Plessage
Un corridor écologique
Franck Viel (Association Passages à Avezé) recueille des savoir-faire auprès des anciens afin de les transmettre et de les adapter au contexte contemporain. Dans le cadre d’une rencontre du Club agroforestier sarthois, c’est la technique traditionnelle du plessage qui a été mise en avant. Une clôture naturelle aux multiples vertus.
Franck Viel (Association Passages à Avezé) recueille des savoir-faire auprès des anciens afin de les transmettre et de les adapter au contexte contemporain. Dans le cadre d’une rencontre du Club agroforestier sarthois, c’est la technique traditionnelle du plessage qui a été mise en avant. Une clôture naturelle aux multiples vertus.
Jadis, c’était une obligation pour ledit sieur bailleur…“ Inscrit dans les baux ruraux, le plessage ou plissage était effectué en même temps que l’étrognage des arbres têtards ou le curage des fossés.

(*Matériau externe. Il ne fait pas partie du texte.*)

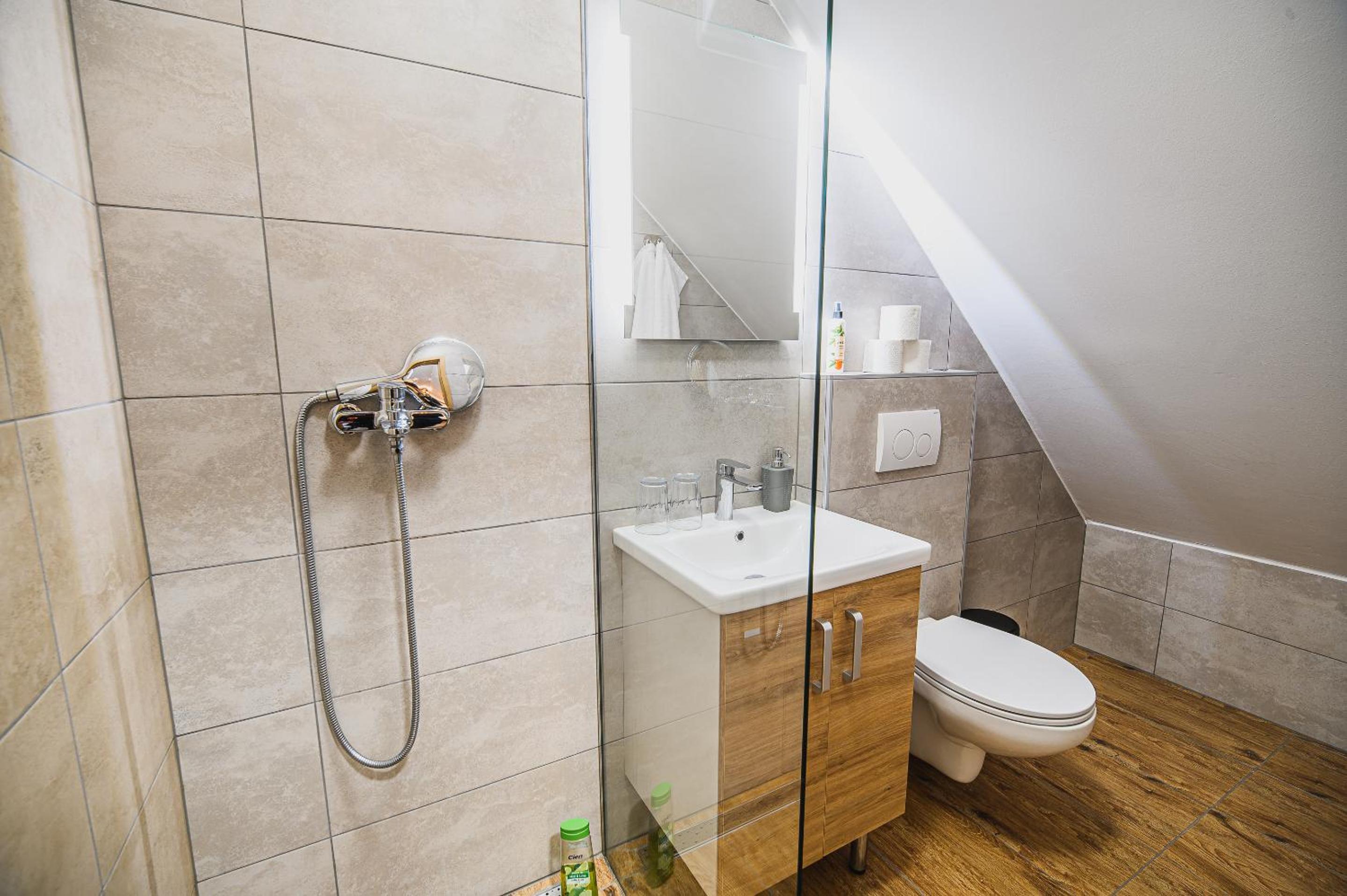 Studio Apartment 8 photo 2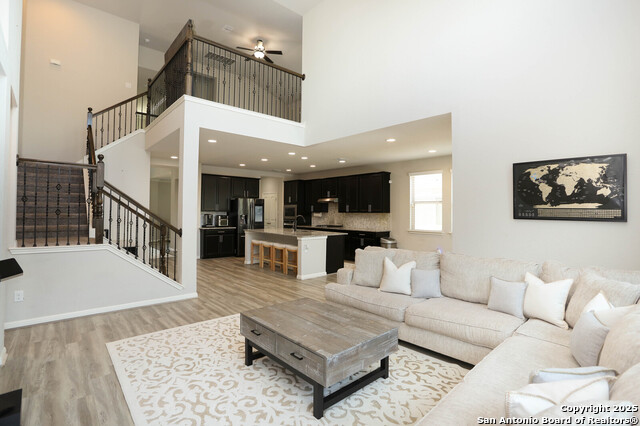 Listing photo id 6 for 13320 Romulus Way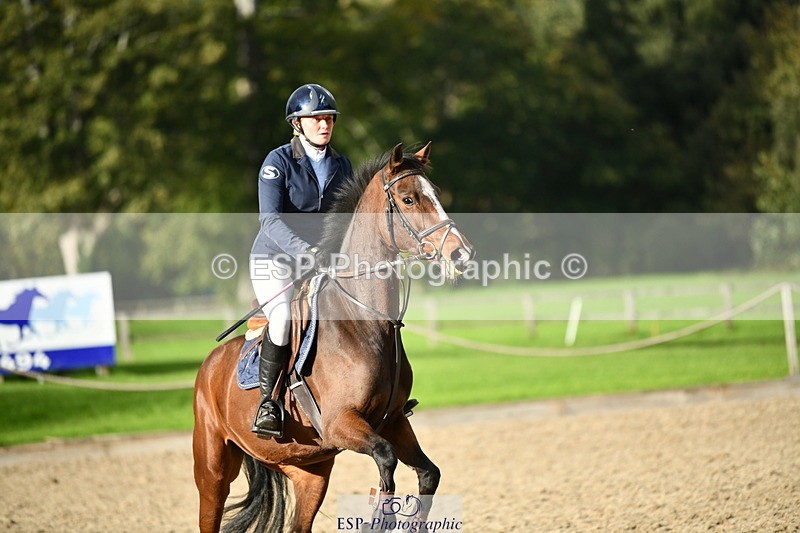 251004A-165040-02238 - Classes 10 & 11 80cm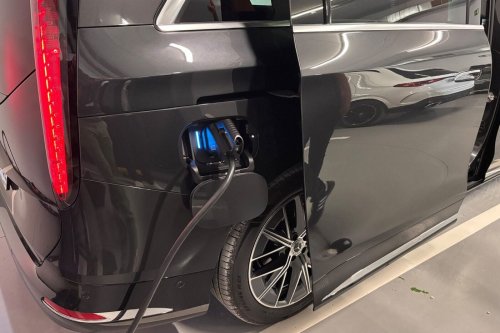 Mercedes VLE first drive: Luxury electric travel with 800-volt technology and open windows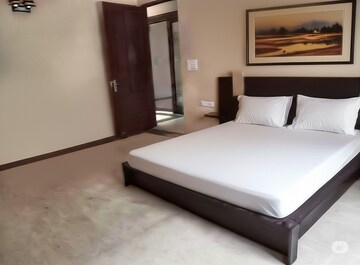 Bedroom in 6+ BHK Villa at JakhaN-Rajpur Road – for Sale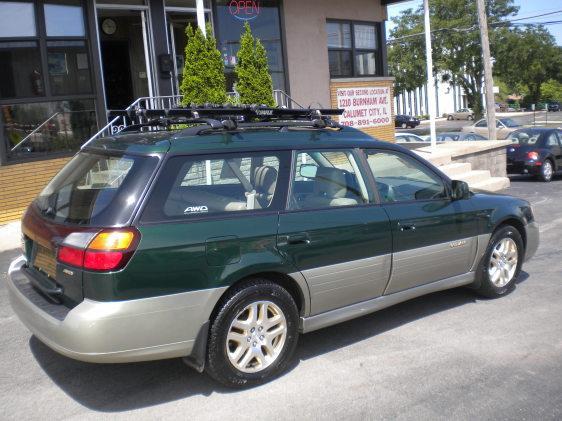 Subaru Outback 2000 photo 4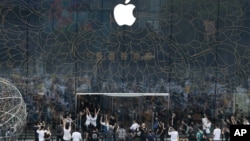 资料照片:北京三里屯一家新的苹果旗舰店开门。(2020年7月17日)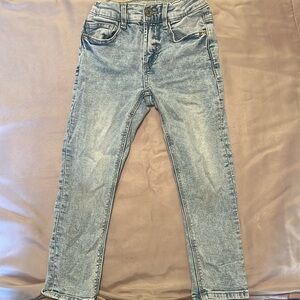 The skinny pant jeans from Zara for kids size 4-5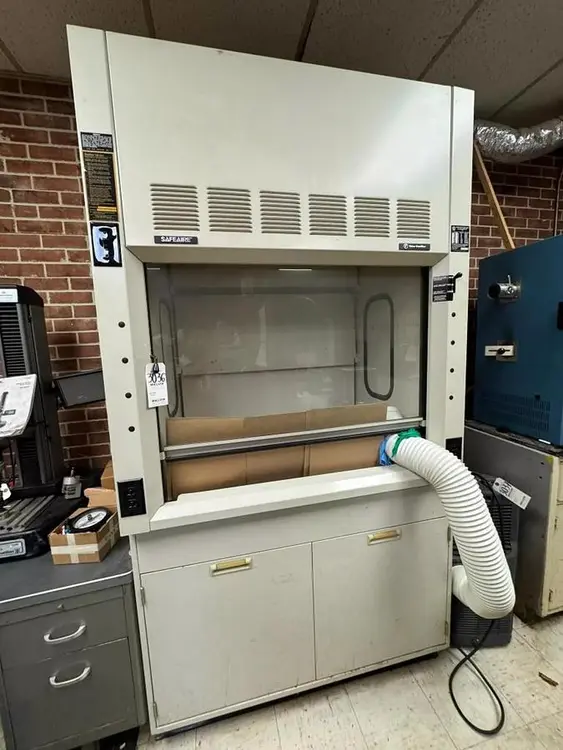 Used HAMIILTON SAFE AIRE Fume Hoods Pennsylvania US | Global Equipment International, LLC #1131281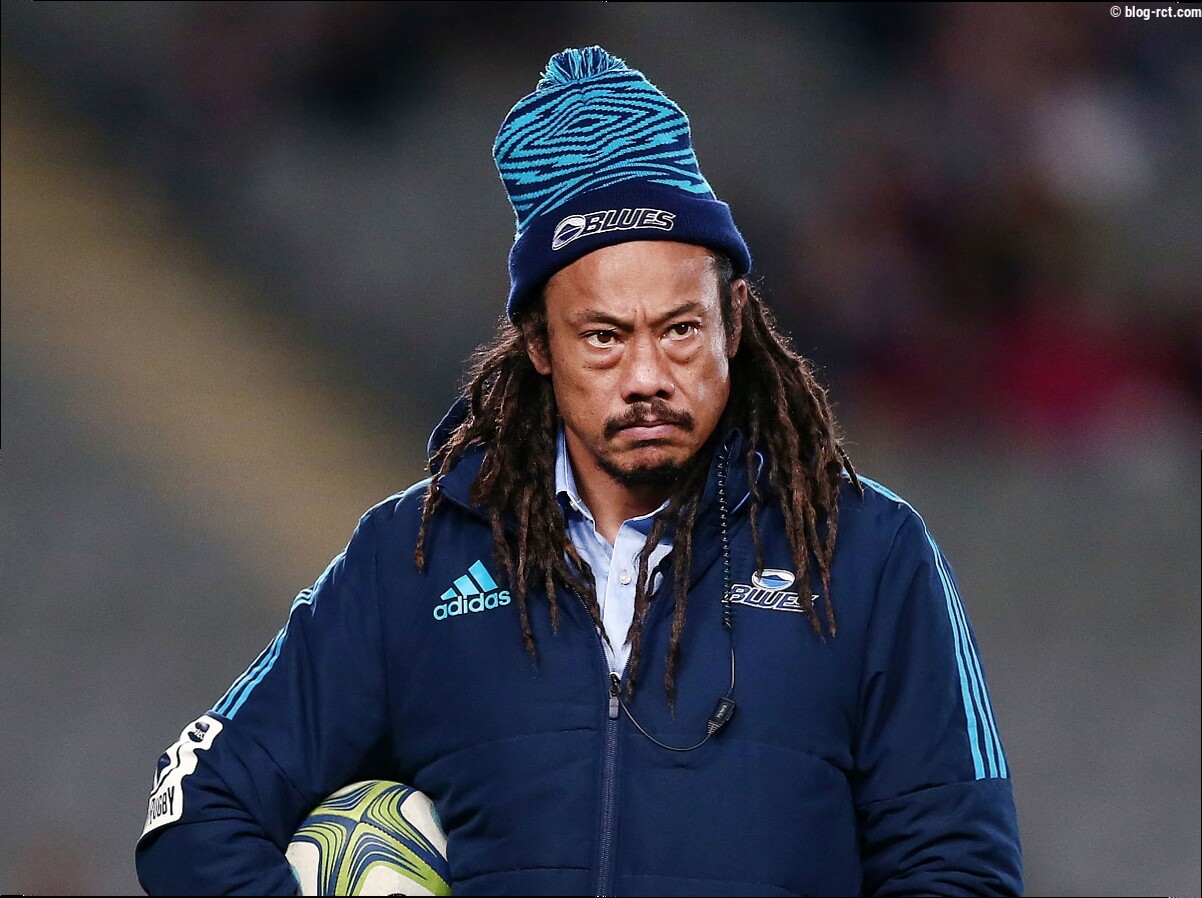 « Il reste une lueur d'espoir » : Tana Umaga se bat pour sauver son club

Massifiée avec l’avènement du bocage, son utilisation fut d’abord militaire avec des traces remontant à la guerre des Gaules”, rappelle Franck Viel, pilote passionné de cette journée de formation qui cite aussi bien son grand-père agriculteur de 94 ans que Pierre Desproges: “Avant le “démembrement” des années 60, ses intérêts étaient multiples: évacuer l’eau mais pas trop vite, retenir la terre dans les pentes et fournir du bois pour le chauffage ou la fabrication des outils.” Une clôture vivante qui faisait office de pharmacie avec la cueillette des plantes médicinales (aubépine, passiflore…).“ Le talus est sec et le fond humide, ce qui multiplie les milieux sur deux mètres. Strates végétales et systèmes racinaires sont stimulés. Le plessage est un demi-cépage qui régénère parfaitement une haie.” Un vrai corridor écologique dans lequel les essences fusionnent. Gîte et couvert pour une multitude d’oiseaux et de petits mammifères, “la haie offrait aussi un système vivrier aux paysans, poursuit Armelle Vinet, conseillère bocage de la Chambre d’agriculture du Maine-et-Loire. Il y avait beaucoup de greffages de fruitiers qui avaient l’avantage de ne pas empiéter sur les parcelles.”
Aussi utile qu’esthétique
3 Février 2023, c’est donc parti pour un plessage “revival” à Saint-Aubin-des-Coudrais! Le défi du jour: entailler les jeunes rameaux pour les plier et les entrelacer autour de piquets plantés à intervalles réguliers. La ferme “témoin” de cette première journée technique de l’année du Club agroforestier sarthois était idéale pour l’élaboration d’une haie plessée: une vingtaine de mètres linéaires jouxtant un remarquable peuplier et comptant un nombre important d’arbres têtards. A la tête de cette exploitation presque centenaire de 86 ha (dont 2 sur un bois), Jérôme Cléradin souhaitait parfaire une récente formation sur les trognes. “ Il y avait eu une partie tressage et je m’étais donc rapproché du Club agroforestier car j’avais envie de reconstituer des haies.” Un désir partagé par Mathias Schmitt, habitant de Saint-Marceau, qui souhaite mettre en valeur son terrain paysager: “J’ai une haie d’aubépine retournée à l'état sauvage de cent cinquante mètres. Je ne savais pas si je devais la couper à ras pour qu’elle recèpe ou la plesser. Je vais sans doute faire une bonne partie de plessage, autant pour le côté utile qu’esthétique. Car le rendu est très joli.” Et ne coûte pas bien cher par rapport à une clôture artificielle…
Le plessage
Etape 1
Les outils
Se munir d’une serpe, d’un sécateur de force ou d’une scie japonaise, d’une masse (ou d’une mailloche) qui servira à enfoncer les pieux (vivant déjà dans la haie ou achetés). Une tronçonneuse peut être utilisée pour les gros brins.
Etape 2
Nettoyer la haie
A l’aide d’un sécateur à manche et d’un croissant, éliminer nettoyer le bois mort, les ronces. Conserver les brins (les plus droits) qui seront plessés.
Etape 3
Coucher les brins
Entailler obliquement la base des brins à l’aide d’une serpe ou d’une tronçonneuse pour permettre leur pliage sans les rompre. Puis supprimer le talon (résidu de tronc) qui reste près de la souche. Les coucher ensuite à l’horizontale.
Etape 4
Planter les pieux et entrelacer les brins
A l’aide d’une masse, planter les pieux (type idéal: acacia) par coudée (tous les 40 cm). Exemple: 25 pieux pour dix mètres. Puis entrelacer les brins de part et d’autre des piquets.
Etape 5
La parure
Pour maintenir et solidariser les pieux, tresser le sommet de la haie avec des brins de bois mort.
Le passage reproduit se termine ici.